**REQUIRED ACTION**
Write out the following listing's lines from the one with "Luxe 6-Piece Hand" to the one with "Swivel Open Back", exactly, with both included and no others.
[[ SOURCE DATA open ]]
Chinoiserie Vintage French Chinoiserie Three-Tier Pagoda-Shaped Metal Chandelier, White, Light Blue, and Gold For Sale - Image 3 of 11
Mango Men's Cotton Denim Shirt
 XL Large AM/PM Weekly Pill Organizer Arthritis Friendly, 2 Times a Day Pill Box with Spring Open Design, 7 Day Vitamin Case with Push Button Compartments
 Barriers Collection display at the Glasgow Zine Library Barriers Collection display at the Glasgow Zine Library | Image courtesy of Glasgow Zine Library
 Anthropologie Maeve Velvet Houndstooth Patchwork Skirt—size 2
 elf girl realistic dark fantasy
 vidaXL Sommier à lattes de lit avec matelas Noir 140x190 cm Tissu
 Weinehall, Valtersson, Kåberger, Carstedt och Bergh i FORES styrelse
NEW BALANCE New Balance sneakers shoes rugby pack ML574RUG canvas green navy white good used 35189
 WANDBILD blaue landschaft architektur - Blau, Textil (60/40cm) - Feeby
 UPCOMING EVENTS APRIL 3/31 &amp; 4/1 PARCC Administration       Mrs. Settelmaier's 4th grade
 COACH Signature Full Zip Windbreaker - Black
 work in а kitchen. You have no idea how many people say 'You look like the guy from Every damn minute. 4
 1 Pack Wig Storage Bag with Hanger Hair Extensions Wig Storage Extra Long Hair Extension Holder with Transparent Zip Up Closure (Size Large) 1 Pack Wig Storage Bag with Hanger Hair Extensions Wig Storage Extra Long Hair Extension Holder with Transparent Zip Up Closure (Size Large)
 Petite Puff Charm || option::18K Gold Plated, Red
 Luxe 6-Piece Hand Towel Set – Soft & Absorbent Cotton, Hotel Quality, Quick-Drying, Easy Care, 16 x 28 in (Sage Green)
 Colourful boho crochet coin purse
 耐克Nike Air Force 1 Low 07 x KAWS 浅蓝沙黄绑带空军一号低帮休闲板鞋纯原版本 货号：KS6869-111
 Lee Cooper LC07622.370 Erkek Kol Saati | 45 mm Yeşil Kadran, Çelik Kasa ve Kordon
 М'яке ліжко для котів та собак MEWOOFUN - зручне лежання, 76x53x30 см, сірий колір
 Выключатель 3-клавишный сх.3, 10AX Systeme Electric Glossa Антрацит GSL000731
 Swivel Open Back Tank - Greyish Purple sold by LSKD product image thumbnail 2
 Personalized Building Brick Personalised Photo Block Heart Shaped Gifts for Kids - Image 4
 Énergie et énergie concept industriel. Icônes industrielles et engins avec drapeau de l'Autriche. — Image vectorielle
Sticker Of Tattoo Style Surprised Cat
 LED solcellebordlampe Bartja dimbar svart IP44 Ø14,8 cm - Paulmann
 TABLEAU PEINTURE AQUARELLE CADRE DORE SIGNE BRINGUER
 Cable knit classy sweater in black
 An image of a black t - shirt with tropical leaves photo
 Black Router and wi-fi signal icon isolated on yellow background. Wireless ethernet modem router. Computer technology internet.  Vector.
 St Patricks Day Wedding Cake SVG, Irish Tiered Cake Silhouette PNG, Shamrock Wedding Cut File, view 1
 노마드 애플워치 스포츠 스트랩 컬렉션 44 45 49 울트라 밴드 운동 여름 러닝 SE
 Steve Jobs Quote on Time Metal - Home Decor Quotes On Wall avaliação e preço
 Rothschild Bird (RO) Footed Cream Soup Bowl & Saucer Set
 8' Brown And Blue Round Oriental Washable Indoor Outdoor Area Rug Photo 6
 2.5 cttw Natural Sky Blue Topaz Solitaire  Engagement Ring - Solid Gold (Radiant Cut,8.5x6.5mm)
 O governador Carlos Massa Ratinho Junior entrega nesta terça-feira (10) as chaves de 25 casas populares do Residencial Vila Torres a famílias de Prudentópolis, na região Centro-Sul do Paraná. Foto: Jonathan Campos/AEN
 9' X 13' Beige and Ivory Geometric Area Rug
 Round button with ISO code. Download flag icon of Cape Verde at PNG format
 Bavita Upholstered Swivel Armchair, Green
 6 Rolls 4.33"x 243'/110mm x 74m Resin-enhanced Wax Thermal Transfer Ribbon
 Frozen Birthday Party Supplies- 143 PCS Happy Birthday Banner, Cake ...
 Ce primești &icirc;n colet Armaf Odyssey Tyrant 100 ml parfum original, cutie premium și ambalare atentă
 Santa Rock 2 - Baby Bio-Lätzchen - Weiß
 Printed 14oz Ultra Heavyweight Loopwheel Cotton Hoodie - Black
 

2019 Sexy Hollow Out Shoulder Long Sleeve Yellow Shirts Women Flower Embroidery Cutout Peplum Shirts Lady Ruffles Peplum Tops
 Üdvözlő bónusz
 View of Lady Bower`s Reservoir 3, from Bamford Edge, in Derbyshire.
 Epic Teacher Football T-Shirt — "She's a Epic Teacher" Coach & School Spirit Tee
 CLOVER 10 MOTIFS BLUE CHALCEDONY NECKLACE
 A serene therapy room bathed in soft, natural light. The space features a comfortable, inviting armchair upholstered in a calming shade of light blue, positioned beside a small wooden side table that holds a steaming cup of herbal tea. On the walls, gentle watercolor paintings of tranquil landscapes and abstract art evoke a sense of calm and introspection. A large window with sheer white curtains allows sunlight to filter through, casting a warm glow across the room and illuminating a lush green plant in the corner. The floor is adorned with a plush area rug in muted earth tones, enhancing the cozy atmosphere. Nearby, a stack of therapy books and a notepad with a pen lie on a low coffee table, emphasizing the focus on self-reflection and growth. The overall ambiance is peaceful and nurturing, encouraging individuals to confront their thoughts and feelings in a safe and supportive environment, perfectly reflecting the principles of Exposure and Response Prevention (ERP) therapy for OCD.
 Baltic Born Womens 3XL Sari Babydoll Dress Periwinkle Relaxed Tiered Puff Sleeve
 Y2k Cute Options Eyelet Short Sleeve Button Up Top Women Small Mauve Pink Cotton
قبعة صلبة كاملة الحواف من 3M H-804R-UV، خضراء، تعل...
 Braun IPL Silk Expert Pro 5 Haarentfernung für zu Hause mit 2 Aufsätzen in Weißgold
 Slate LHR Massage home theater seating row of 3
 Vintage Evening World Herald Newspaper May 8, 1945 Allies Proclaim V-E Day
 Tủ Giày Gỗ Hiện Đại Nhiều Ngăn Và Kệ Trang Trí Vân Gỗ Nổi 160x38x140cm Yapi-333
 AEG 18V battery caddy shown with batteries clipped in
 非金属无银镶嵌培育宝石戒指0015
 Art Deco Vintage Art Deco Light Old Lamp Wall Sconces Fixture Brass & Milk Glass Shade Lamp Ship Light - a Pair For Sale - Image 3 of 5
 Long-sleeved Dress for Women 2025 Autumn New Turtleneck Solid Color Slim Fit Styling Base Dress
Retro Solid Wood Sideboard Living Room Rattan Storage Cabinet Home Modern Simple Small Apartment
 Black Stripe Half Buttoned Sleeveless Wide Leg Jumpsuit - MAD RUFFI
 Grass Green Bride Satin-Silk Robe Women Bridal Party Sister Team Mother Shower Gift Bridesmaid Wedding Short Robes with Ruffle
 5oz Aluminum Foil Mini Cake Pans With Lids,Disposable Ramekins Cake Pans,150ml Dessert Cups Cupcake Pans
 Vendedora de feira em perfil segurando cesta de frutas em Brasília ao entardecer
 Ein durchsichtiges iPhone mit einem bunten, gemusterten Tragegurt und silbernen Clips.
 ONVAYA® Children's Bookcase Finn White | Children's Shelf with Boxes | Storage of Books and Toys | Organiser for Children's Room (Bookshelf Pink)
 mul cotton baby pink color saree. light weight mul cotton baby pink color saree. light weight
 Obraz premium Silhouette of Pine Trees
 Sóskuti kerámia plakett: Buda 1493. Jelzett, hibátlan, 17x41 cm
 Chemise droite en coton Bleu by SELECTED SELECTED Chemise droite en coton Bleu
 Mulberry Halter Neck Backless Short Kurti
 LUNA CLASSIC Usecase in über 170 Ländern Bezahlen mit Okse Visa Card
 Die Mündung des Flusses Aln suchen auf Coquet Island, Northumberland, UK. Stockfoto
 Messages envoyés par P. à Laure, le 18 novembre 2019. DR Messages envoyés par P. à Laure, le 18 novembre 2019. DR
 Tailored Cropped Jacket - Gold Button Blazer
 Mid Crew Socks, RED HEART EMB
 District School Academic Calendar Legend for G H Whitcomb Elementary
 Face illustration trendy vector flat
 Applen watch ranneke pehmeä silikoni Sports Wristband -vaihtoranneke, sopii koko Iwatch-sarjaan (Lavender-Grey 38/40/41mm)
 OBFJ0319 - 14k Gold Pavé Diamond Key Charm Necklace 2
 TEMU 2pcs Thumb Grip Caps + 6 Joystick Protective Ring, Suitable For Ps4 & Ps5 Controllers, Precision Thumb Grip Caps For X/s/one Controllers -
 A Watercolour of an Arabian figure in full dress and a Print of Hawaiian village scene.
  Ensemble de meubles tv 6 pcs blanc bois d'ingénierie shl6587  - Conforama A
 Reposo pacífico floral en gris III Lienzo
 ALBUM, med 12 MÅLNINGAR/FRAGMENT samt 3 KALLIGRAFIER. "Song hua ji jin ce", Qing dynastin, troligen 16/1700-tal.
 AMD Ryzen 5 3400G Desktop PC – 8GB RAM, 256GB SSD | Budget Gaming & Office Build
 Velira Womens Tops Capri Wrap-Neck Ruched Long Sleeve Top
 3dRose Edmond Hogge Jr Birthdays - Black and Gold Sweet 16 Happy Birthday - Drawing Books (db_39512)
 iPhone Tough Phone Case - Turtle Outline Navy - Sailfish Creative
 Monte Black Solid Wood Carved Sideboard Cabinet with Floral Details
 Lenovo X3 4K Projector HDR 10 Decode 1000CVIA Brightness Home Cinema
[[ SOURCE DATA closed ]]
**TASK OUTPUT**
 Luxe 6-Piece Hand Towel Set – Soft & Absorbent Cotton, Hotel Quality, Quick-Drying, Easy Care, 16 x 28 in (Sage Green)
 Colourful boho crochet coin purse
 耐克Nike Air Force 1 Low 07 x KAWS 浅蓝沙黄绑带空军一号低帮休闲板鞋纯原版本 货号：KS6869-111
 Lee Cooper LC07622.370 Erkek Kol Saati | 45 mm Yeşil Kadran, Çelik Kasa ve Kordon
 М'яке ліжко для котів та собак MEWOOFUN - зручне лежання, 76x53x30 см, сірий колір
 Выключатель 3-клавишный сх.3, 10AX Systeme Electric Glossa Антрацит GSL000731
 Swivel Open Back Tank - Greyish Purple sold by LSKD product image thumbnail 2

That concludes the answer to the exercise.